A bill that has been sailing through the state Legislature would
restrict how writers, filmmakers and lyricists can portray dead
personalities -- but allow politicians to continue to exploit images of
the deceased in their election materials. The measure, introduced by Senate President pro Tempore John Burton,
a San Francisco Democrat, would forbid the alteration or manipulation of
a deceased's "name, voice, signature, photograph or likeness . . . . in
a manner that is false" but is nonetheless "portrayed as factual" --
unless the personality's heirs consent.
Existing restrictions apply only to advertisements. And current law
exempts plays, books, magazines, songs, films, television shows, radio
programs -- and political campaigns.
Senate Bill 209 would delete all but the last of those exemptions. "I
think it's certainly curious," says Vans Stevenson, the Motion Picture
Association of America's senior vice president for state legislation.

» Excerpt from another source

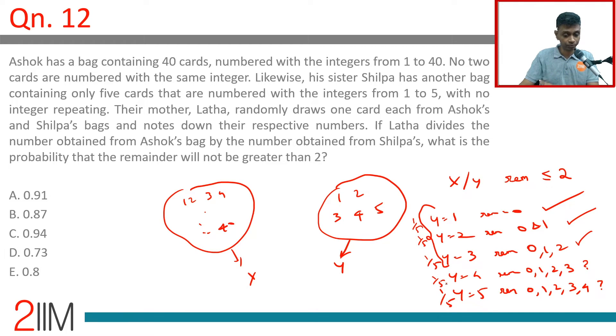Think about Y equal to 4. When Y is 4, we are worried about the remainder being 3. From 1 to 40, there are 10 sets of 4 each. For 1, 2, 3, 4 the remainders are 1, 2, 3, 0; for 5, 6, 7, 8 the remainders are 1, 2, 3, 0 — and so on. So the remainder will be 3 in exactly one-fourth of the cases. Because 40 is a multiple of 4, life is easy. In this 1/5 probability slot, one-fourth of the cases won't work for us — three-fourths will work.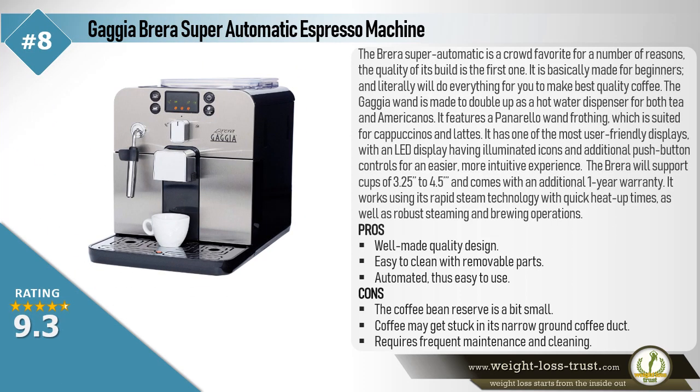The Gaggia Brera Super Automatic Espresso Machine is a crowd favorite for a number of reasons. The quality of its build is the first one. It is basically made for beginners and will literally do everything for you to make the best quality coffee. The Gaggia Brera is also made to double up as a hot water dispenser for both tea and Americanos. It features a Panarello frothing wand, which is suited for cappuccinos and lattes. It has one of the most user-friendly displays, with an LED display having illuminated icons and additional push-button controls for an easier, more intuitive experience.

"Here you have exemptions being taken away from entities that develop
and produce and write works of free expression, but not from use in
political campaigns."
The MPAA, which includes the major Hollywood studios, opposes the
Burton bill, saying that the measure could have prevented the production
of such pictures as "Forrest Gump," "JFK" and even "Schindler's List" --
all of which employed speculative portrayals of dead personalities.

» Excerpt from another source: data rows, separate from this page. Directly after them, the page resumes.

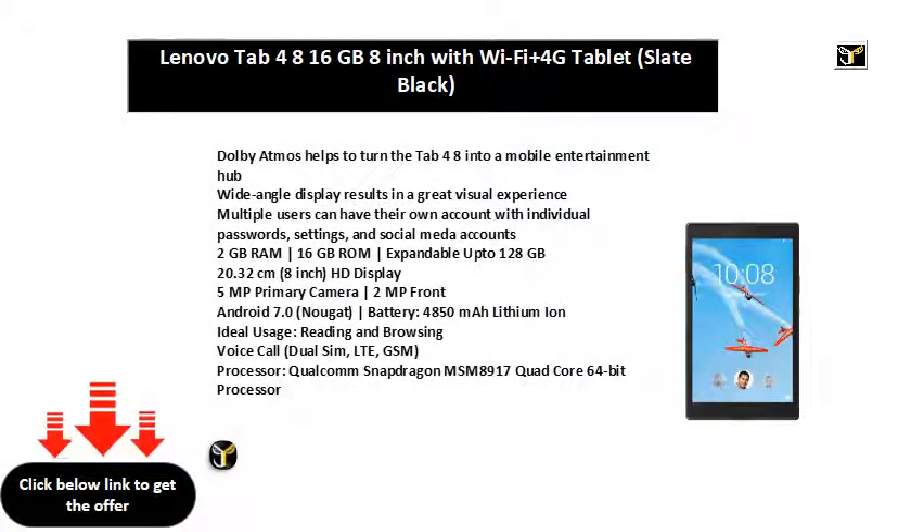Dolby Atmos helps to turn the Tab 4 8 into a mobile entertainment hub. Wide-angle display results in a great visual experience. Multiple users can have their own account with individual passwords, settings, and social media accounts. 2 GB RAM, 16 GB ROM, expandable up to 128 GB.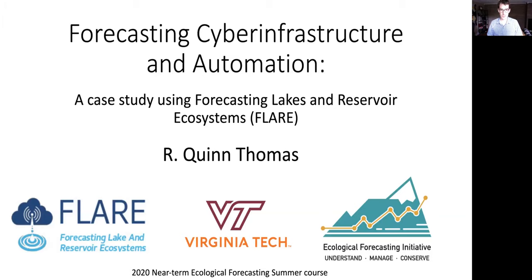I'm Quinn Thomas, an associate professor at Virginia Tech, and I'm going to share with you a case study for a deployed ecological forecast called Forecasting Lakes and Reservoir Ecosystems, FLAIR. I'll use this description and overview of this forecasting framework to introduce the cyber infrastructure and automation involved in generating and deploying an ecological forecast.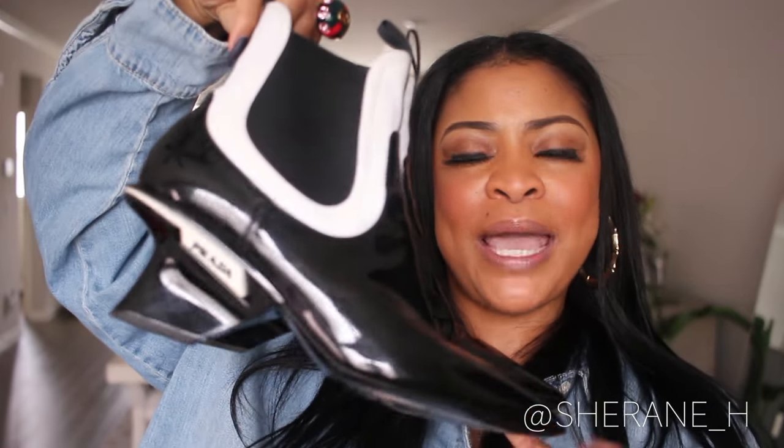I paired that outfit with these patent leather Prada boots — I've had these for a good six or seven years now. I got them on sale at Nordstrom. I also paired it with this Prada wallet that I wore as a clutch, which is pre-loved.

The measure passed the Senate on a bipartisan vote in April and now
awaits action in the Assembly. One of its few opponents there,
Assemblyman Dick Ackerman, a Fullerton Republican, says the bill could
harm the state's entertainment industry, which by its nature constantly
recycles the past.
"Should we give the same rights to dead people that we give to living
people?" Mr. Ackerman wonders. "The dead usually have fewer rights."

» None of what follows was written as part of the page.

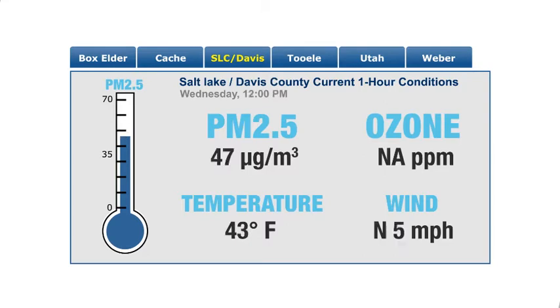These levels are updated every hour, and because pollution varies throughout the day, you may want to check the website before each recess break.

Indeed, such claims as libel, slander and invasion of privacy can only
be lodged by the living, not a dead person's heirs, no matter how
aggrieved.
And that may be fortunate for politicians, who seem to believe that
voters prefer the spectral leaders of days past to the flesh-and-blood
variety still on the hustings. In the 1998 elections, the California
Democratic Party mailed a slick booklet to voters that pictured the Rev.
Martin Luther King Jr., President Lyndon B. Johnson and Sen. Robert F.
Kennedy under the banner, "A History of Leadership." On the next page:
present-day Democratic politicians, including gubernatorial candidate
Gray Davis and Sen. Barbara Boxer.
Republicans, too, employ dead icons; for example, a San Pedro-based
campaign firm using the name Republican Voter Checklist sent slate
mailers for GOP candidates featuring portraits of Abraham Lincoln and
Dwight D. Eisenhower. The caption: "The Republican Party Has Always
Stood for Progress and Individual Liberty."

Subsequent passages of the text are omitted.